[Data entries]
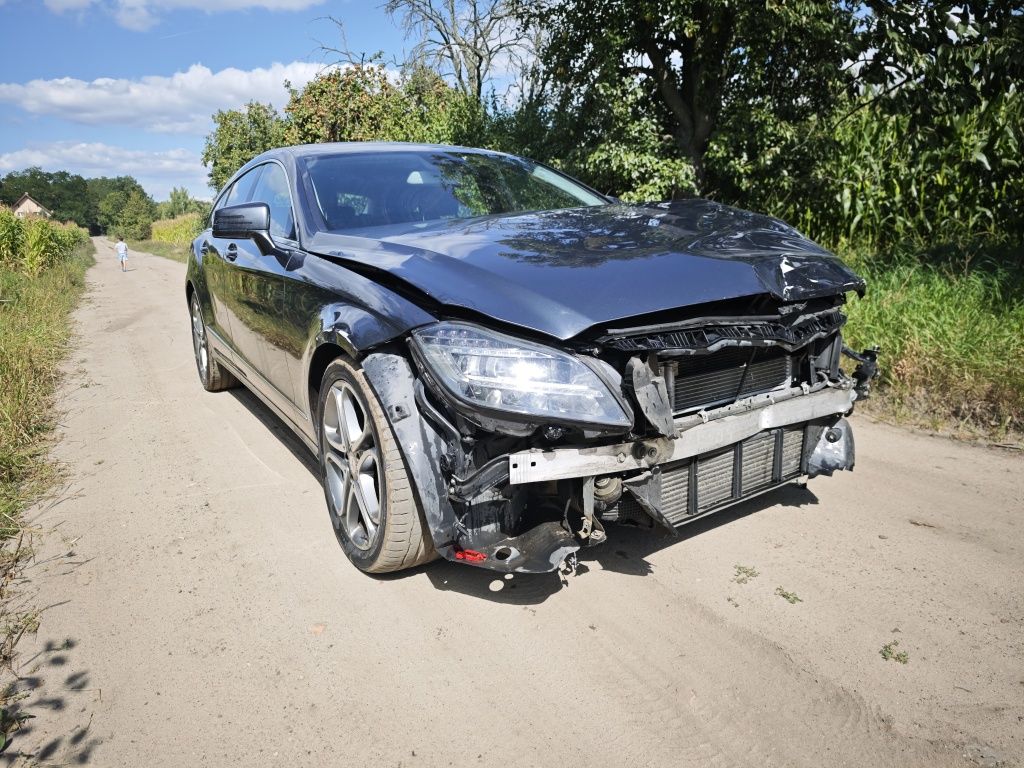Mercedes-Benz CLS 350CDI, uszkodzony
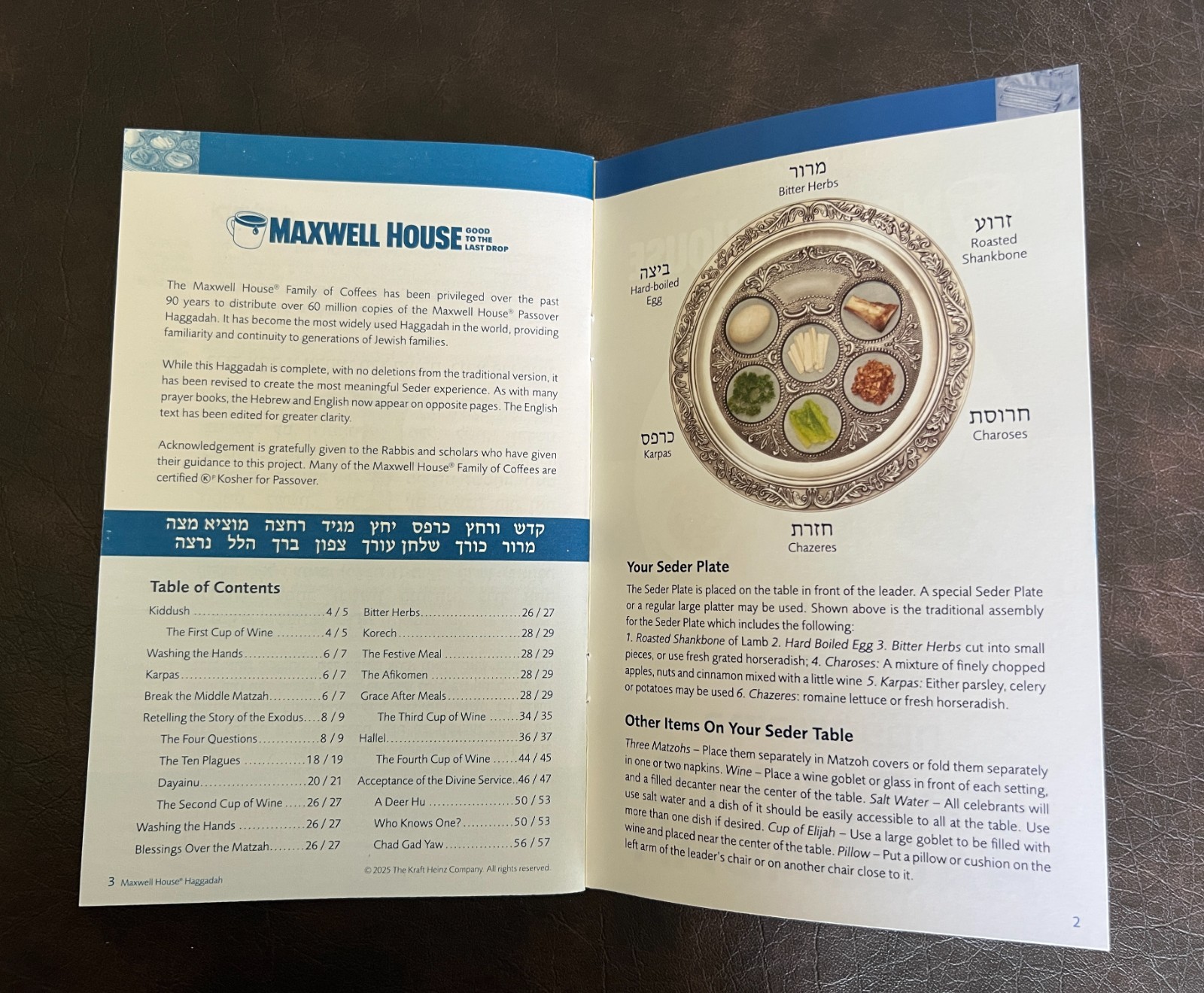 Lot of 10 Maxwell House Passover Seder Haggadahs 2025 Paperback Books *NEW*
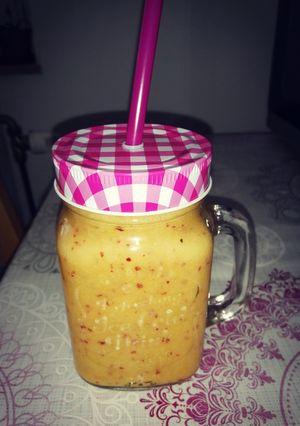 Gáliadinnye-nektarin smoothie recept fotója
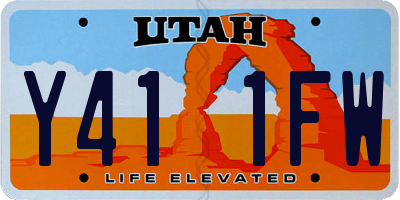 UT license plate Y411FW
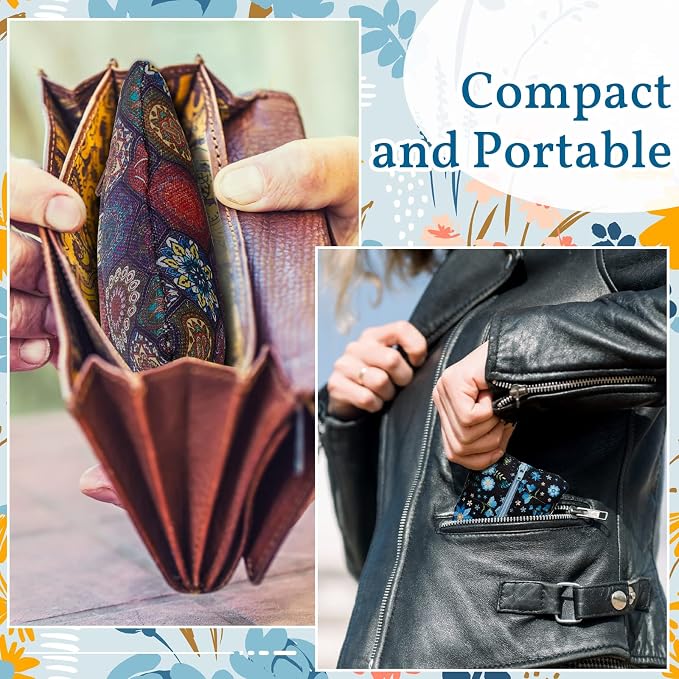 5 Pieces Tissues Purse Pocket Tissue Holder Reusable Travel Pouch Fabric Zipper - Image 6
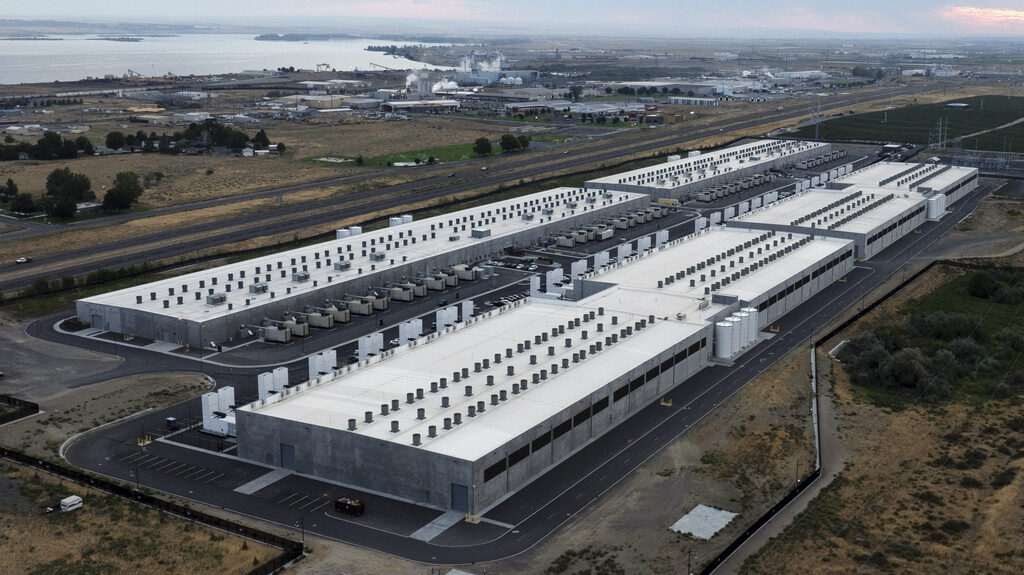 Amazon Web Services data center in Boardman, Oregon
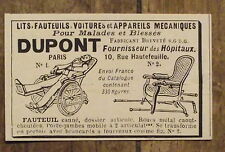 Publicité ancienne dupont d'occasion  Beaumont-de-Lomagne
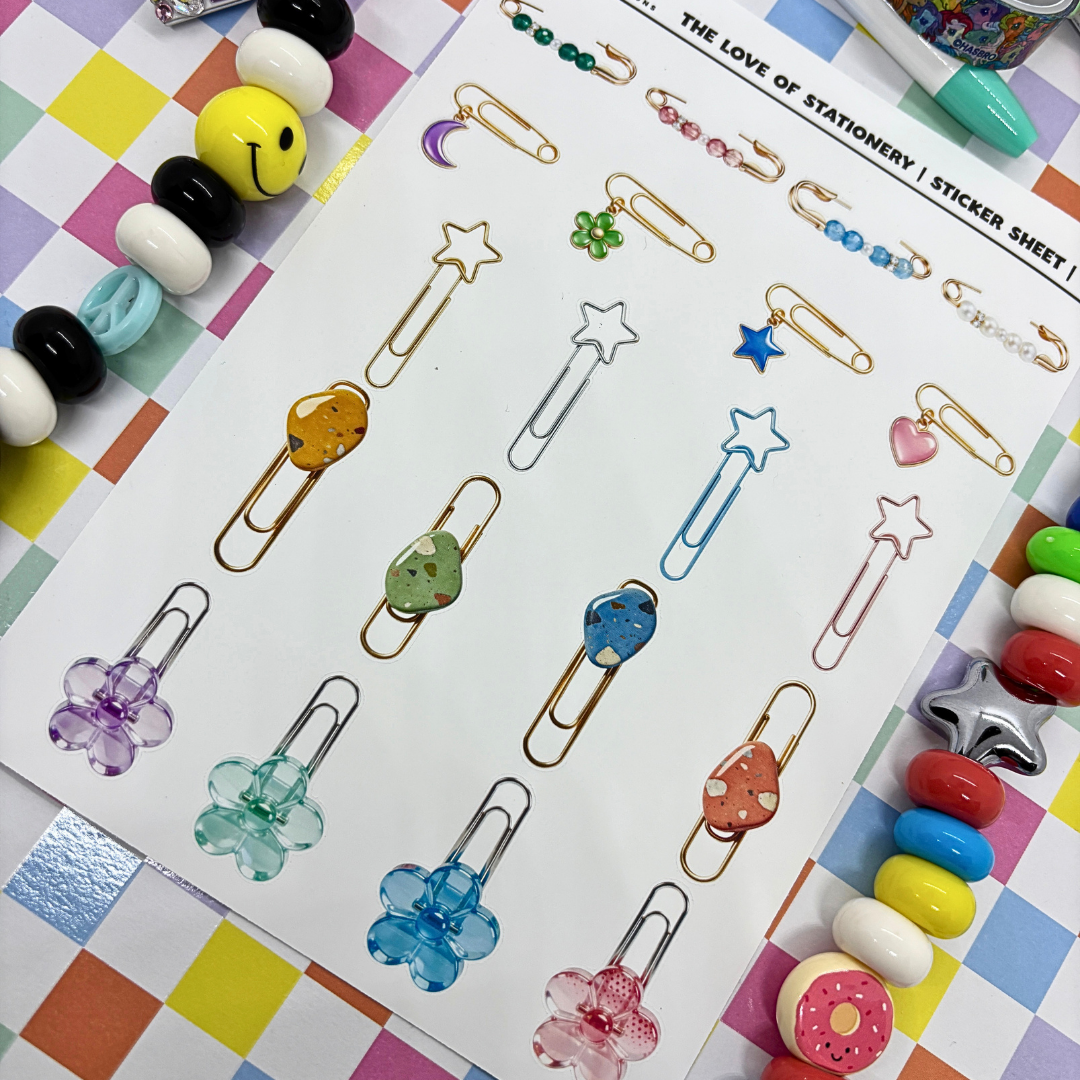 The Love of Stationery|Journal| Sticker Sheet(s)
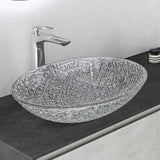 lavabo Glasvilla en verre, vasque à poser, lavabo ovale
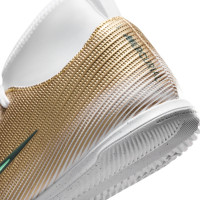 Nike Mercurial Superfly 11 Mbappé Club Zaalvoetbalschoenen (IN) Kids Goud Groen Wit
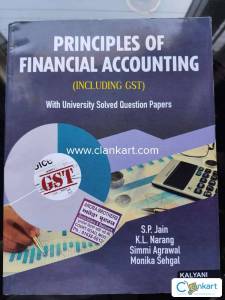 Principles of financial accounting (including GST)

PROBLEM: All lines from the one containing "lavabo Glasvilla en" to the last line of the records above, and no others, should be returned unchanged, without pictures.

EXERCISE ANSWER:
 lavabo Glasvilla en verre, vasque à poser, lavabo ovale
 Nike Mercurial Superfly 11 Mbappé Club Zaalvoetbalschoenen (IN) Kids Goud Groen Wit
 Principles of financial accounting (including GST)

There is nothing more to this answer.